**Assignment**
All of the data should be given again word for word, though the images are to be left out.

**Dataset content**
○ ○ ○ ○

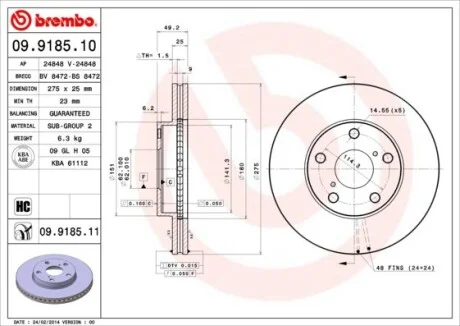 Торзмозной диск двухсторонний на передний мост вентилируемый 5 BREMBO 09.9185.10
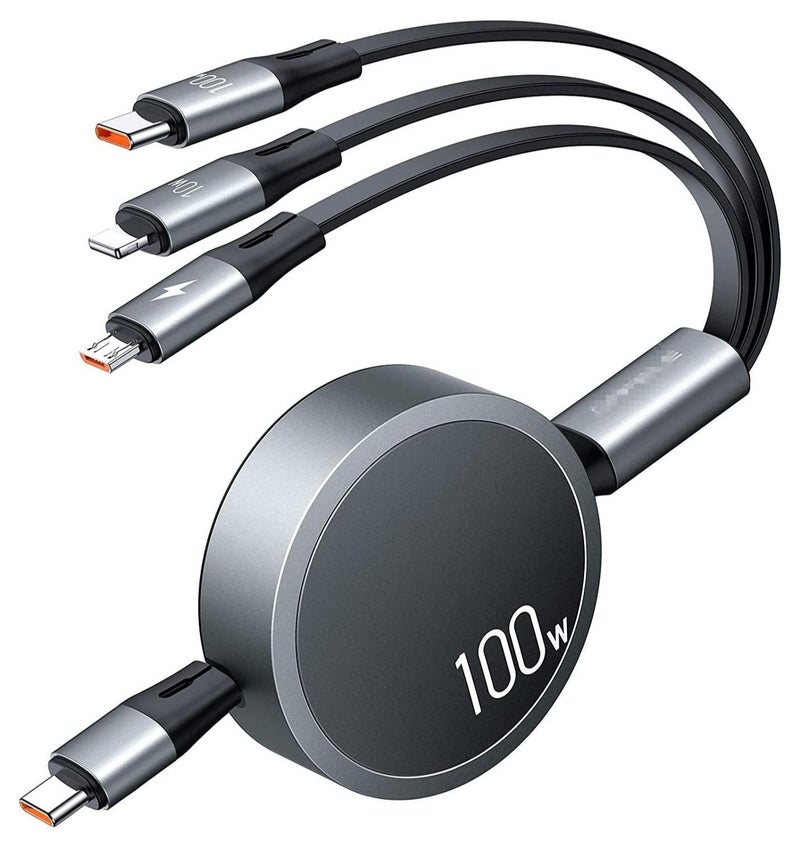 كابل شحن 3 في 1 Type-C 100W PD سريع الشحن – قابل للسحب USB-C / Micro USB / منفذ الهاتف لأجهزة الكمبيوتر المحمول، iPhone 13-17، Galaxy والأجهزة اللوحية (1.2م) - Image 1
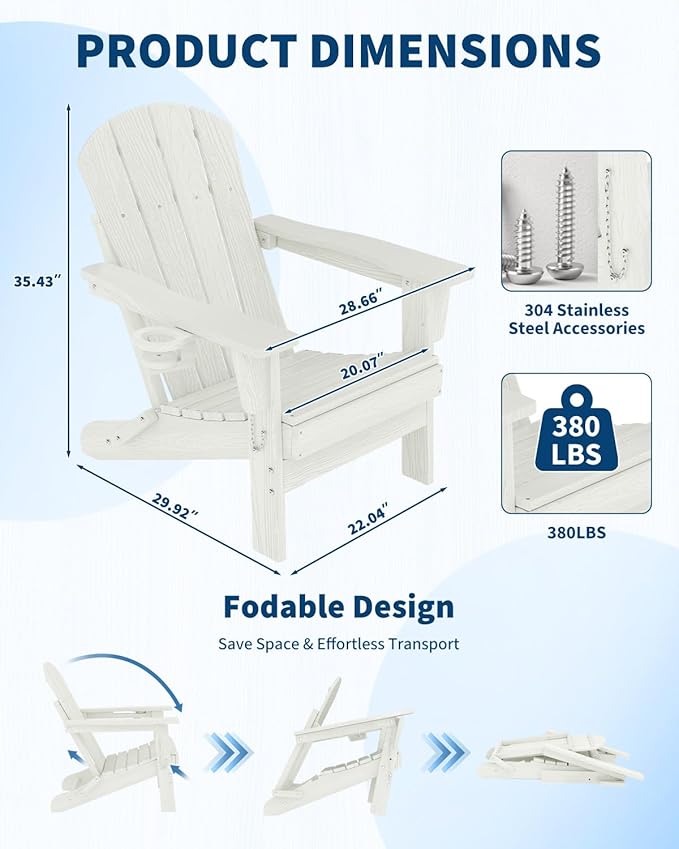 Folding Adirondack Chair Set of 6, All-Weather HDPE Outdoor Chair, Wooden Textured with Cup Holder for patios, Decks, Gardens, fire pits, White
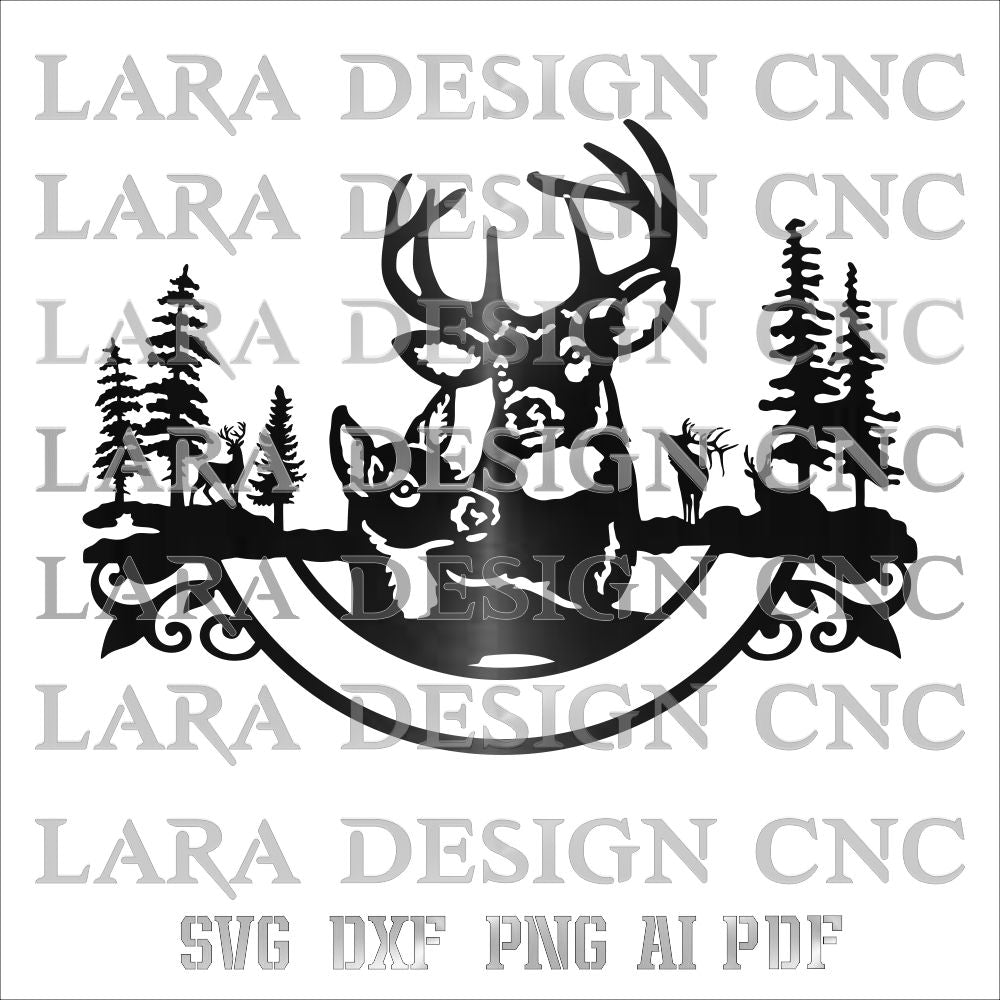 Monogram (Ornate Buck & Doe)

○ ○ ○ ○

**Exercise solution**
 Торзмозной диск двухсторонний на передний мост вентилируемый 5 BREMBO 09.9185.10
 كابل شحن 3 في 1 Type-C 100W PD سريع الشحن – قابل للسحب USB-C / Micro USB / منفذ الهاتف لأجهزة الكمبيوتر المحمول، iPhone 13-17، Galaxy والأجهزة اللوحية (1.2م) - Image 1
 Folding Adirondack Chair Set of 6, All-Weather HDPE Outdoor Chair, Wooden Textured with Cup Holder for patios, Decks, Gardens, fire pits, White
 Monogram (Ornate Buck & Doe)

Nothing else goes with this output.